● **Exercise aim**: Only those lines in the data below from the line containing "12. November 2022: Ricky" through the line containing "musta Mercedes-Benz EQB 2023 kuva 30.", both included, should be restated word for word.
START Source records
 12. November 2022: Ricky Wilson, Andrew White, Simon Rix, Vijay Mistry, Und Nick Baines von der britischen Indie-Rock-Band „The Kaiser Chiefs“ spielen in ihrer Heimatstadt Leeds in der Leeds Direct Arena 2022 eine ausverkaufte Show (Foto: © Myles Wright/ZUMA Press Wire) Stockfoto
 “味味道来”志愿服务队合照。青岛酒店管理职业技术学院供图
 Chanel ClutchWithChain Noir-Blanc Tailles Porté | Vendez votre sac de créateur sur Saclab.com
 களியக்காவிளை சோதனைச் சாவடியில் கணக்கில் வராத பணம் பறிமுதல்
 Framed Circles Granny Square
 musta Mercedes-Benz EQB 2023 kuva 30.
END Source records
START Source records
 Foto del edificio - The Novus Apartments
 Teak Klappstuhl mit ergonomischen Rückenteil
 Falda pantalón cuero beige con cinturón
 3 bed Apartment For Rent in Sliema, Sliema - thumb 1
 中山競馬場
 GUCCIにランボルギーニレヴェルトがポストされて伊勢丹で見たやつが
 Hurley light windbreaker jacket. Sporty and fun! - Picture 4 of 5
END Source records
● **Answer space**:
 12. November 2022: Ricky Wilson, Andrew White, Simon Rix, Vijay Mistry, Und Nick Baines von der britischen Indie-Rock-Band „The Kaiser Chiefs“ spielen in ihrer Heimatstadt Leeds in der Leeds Direct Arena 2022 eine ausverkaufte Show (Foto: © Myles Wright/ZUMA Press Wire) Stockfoto
 “味味道来”志愿服务队合照。青岛酒店管理职业技术学院供图
 Chanel ClutchWithChain Noir-Blanc Tailles Porté | Vendez votre sac de créateur sur Saclab.com
 களியக்காவிளை சோதனைச் சாவடியில் கணக்கில் வராத பணம் பறிமுதல்
 Framed Circles Granny Square
 musta Mercedes-Benz EQB 2023 kuva 30.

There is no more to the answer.